Based in Miami for over 20 years, Mark Handforth is profoundly tied to the legacy of the 20th-century American avant-garde. He freely makes use of a formal vocabulary borrowed from Ready-Made, Minimalist or Pop Art, which he confronts with an iconography often derived from the urban environment. Handforth willingly adopts a casual attitude with regard to the practices of 1960s New York artists such as Rauschenberg, Warhol or Flavin. In his work, fluorescent tubes become eclipses (Eclipse, 2003) or rising suns (Rising Sun, 2003), and urban furniture or fixtures, like street lamps, traffic signs or fire hydrants, are bent, twisted and distorted, not without humour. Finally, the icons of American culture, and in particular the star, carry traces of inexplicable collisions (Yellow Star, 2011).

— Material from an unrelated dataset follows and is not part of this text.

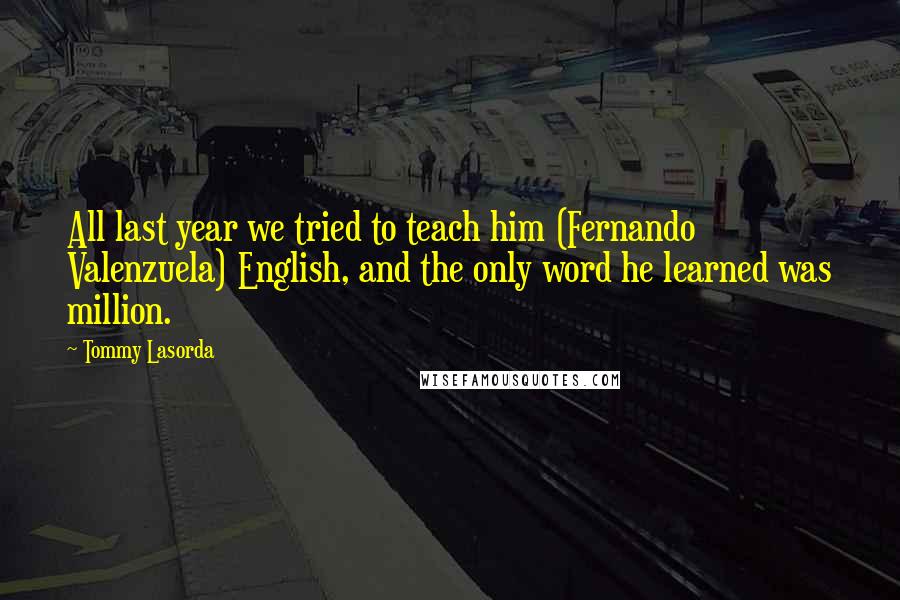 Tommy Lasorda Quotes: All last year we tried to teach him (Fernando Valenzuela) English, and the only word he learned was million.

For his exhibition at the Galerie Mitterrand, Mark Handforth has created a new sculpture entitled Deep Violet. This enormous, sparkling star with dented branches or tips is accompanied by a large wall installation composed of luminous tubes, depicting in a naive and almost childlike fashion, an eclipse or a sunrise. This symbolic landscape created by Mark Handforth oscillates between violence and gentleness, disenchantment and rapture.
Mark Handforth was born in Hong Kong in 1969 and grew up in England. Since 1992 he has lived in Miami, in the United States. He graduated from the Academy of Fine Art in Frankfurt and the Slade School of Fine Art in London. He is internationally acclaimed for his installations in the public spaces. His large-scale sculptures have been displayed in Central Park in New York, the Dallas Museum of Art, and the MCA in Chicago and during the FIAC offsite event in Paris. Mark Handforth has also received public commissions from the cities of Paris (Porte de Bagnolet) and Zurich (Tessinerplatz).